In addition to analyzing ASC, a sample before and following stimulation was analyzed for B cell blast formation by flow cytometry. The following panel of monoclonal antibodies was used: BV510-labeled anti-CD19 (Biolegend), BV421-labeled anti-CD38 (BD), and PE-Cy7-labeled anti-CD27 (eBioscience). Plasma blasts were CD19+CD38highCD27+.

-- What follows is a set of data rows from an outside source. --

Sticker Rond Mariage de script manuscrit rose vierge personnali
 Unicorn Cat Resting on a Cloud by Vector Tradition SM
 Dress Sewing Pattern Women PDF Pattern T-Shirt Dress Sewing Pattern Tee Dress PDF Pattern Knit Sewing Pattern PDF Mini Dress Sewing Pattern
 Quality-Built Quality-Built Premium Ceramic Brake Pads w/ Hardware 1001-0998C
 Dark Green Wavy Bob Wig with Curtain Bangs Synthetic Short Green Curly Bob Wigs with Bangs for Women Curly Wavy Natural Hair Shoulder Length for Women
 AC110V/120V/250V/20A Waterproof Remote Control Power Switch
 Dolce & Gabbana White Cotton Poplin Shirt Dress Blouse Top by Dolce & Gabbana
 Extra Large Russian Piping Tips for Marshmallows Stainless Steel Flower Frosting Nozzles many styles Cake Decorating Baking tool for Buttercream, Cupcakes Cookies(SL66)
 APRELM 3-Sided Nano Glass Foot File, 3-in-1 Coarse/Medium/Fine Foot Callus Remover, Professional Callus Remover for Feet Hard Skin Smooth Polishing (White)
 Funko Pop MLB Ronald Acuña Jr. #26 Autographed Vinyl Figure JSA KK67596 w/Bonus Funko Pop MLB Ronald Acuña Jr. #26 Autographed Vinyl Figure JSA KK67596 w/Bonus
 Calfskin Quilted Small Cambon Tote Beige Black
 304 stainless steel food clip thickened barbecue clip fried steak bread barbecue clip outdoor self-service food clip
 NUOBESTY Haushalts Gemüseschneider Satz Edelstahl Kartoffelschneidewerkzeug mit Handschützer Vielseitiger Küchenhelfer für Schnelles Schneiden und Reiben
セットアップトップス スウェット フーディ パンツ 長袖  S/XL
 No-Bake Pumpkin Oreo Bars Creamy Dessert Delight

Absolute Numbers of CD4+ and CD8+ T Cells and T-Cell Differentiation Status by Flow Cytometry

Absolute numbers of T-cell subsets (18) and T-cell differentiation status (19) were determined using a whole-blood staining as described in detail before.

Telomere Length Assay

Relative telomere length of CD4+ and CD8+ T cells were determined by Flow fluorescent in situ hybridization (flow-FISH) as described previously (15, 20).

Statistical Analyses

Statistical analyses were performed using GraphPad Prism version 5.01. Non-parametric Mann–Whitney U-test or Kruskal–Wallis test followed by a post hoc analysis (Dunns multiple comparison test). Categorical variables were compared using the Fisher’s exact test. The non-parametric Spearman rank correlation coefficient (Spearman’s rho, Rs) was used to evaluate associations between various parameters. P-values <0.05 for two sides were considered statistically significant.

Results

Study Population Characteristics

The demographic and clinical characteristics of the study population are given in Table 1. Twenty-eight CMV-seronegative and 14 age- and gender-matched CMV-seropositive patients were included in this study. Both groups were well matched with no significant differences in clinical characteristics. Approximately half of the CMV-seronegative versus none of the CMV-seropositive patients experienced a CMV viremia within 12 months after transplantation (P < 0.01).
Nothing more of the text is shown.